本稿では、玄人ファンやアナリストが注目する新指標を軸に、2025年シーズンを読み解く観点をまとめる。
2025年は「AIデータ」の時代
旧来のデータは、選手がボールに触れた瞬間の結果(シュート、パス、クロス)が中心だった。しかし、選手がボールを持つ合計時間は数分に過ぎず、試合の大半は“オフ・ザ・ボール”で進行する。
2025年の分析潮流は、この 「ボールがないところでの貢献」 を数値化する方向に大きくシフトしている。AI解析が進んだことで、選手の意図・戦術の機能性・チーム構造が、より精密に把握できるようになった。
Off-Ball Runs──触らずに試合を動かす「影の支配者」
FWの価値はゴール数だけではない。Optaのトラッキングデータは、誰がどのように相手守備を動かしていたかを可視化する。

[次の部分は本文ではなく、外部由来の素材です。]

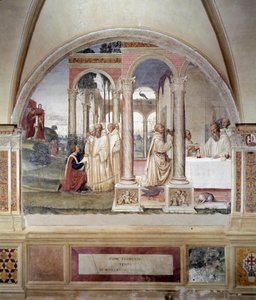 Hogyan próbálja Florent megmérgezni Benoitot (Hogyan próbálja Fiorenzo megmérgezni Szent Benedeket) - Antonio Bazzi dit il Sodoma (1477 - 1549) falfreskója Szent Benedek (480 - 567) életét meséli el, a bencés rend alapítója 1508-ban - Abbey 1508 a Monte Ol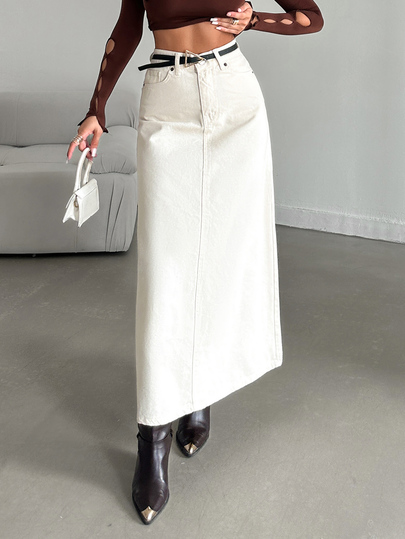 EURMUSE Washed Denim Skirt Without Belt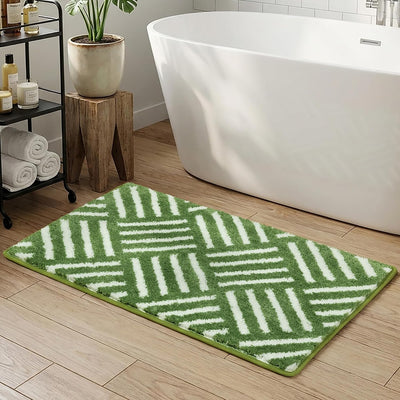 Alfombra baño a rayas verdes antideslizante 20x30pulg microfibra
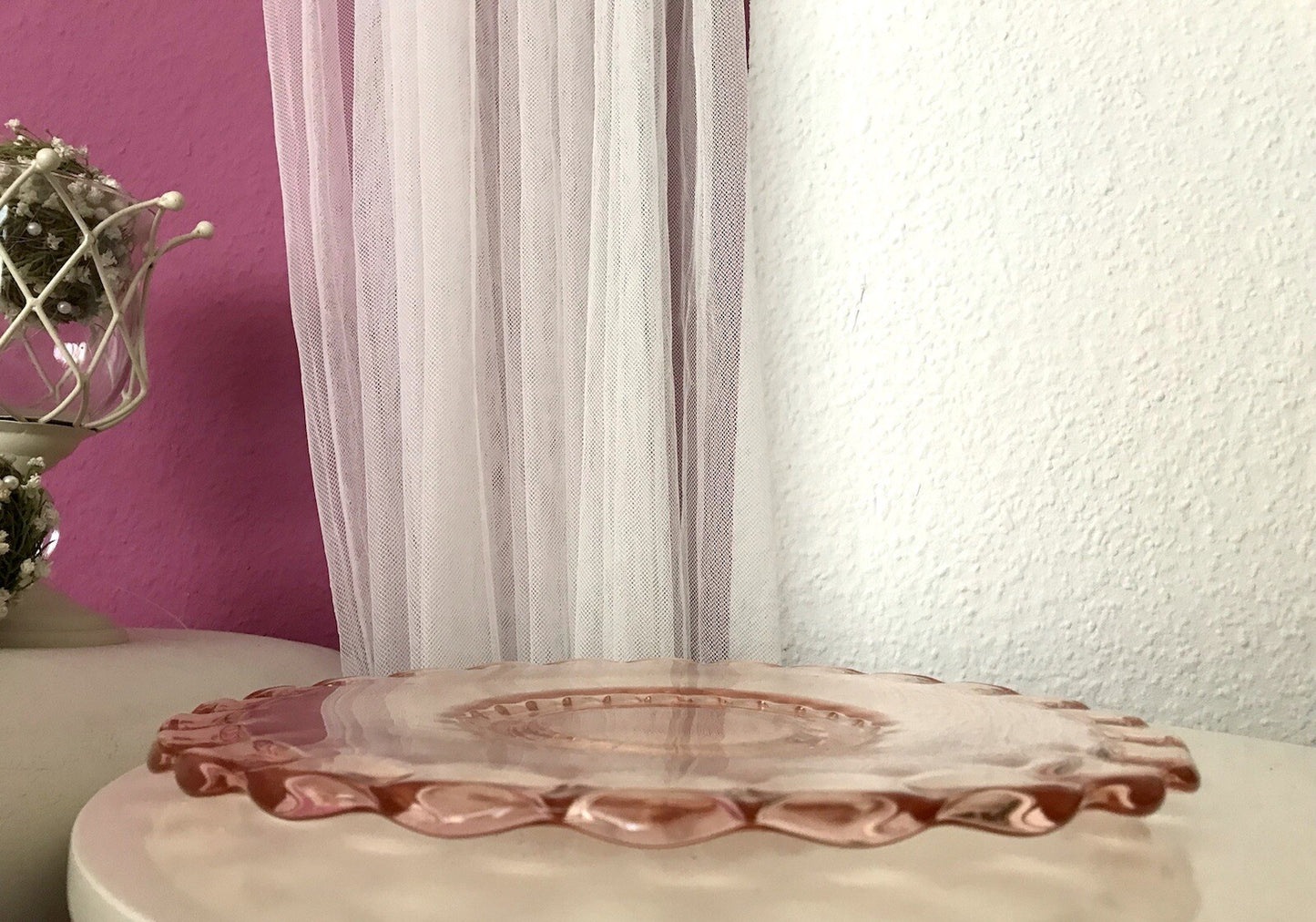 Antik Tortenplatte Tortenständer Rosalin Glas rosa Art Déco Pressglas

大迫勇也(ヴィッセル神戸)──Decoy Runs の象徴
大迫は「ボールを受ける前」の脅威が際立つ。
Decoy Runs(囮の動き) が示すのは、味方へのスペース創出。武藤嘉紀、宮代大聖らが得点機を得る背景には、大迫のオフボールワークが存在する。
細谷真大(柏レイソル)──報われない走りの価値
細谷は Runs in Behind(裏への抜け出し) の頻度が突出する。
パスが通らなくても、常にDFラインの背後を脅かす存在であり、攻撃の重心を押し上げる“構造的な貢献者”といえる。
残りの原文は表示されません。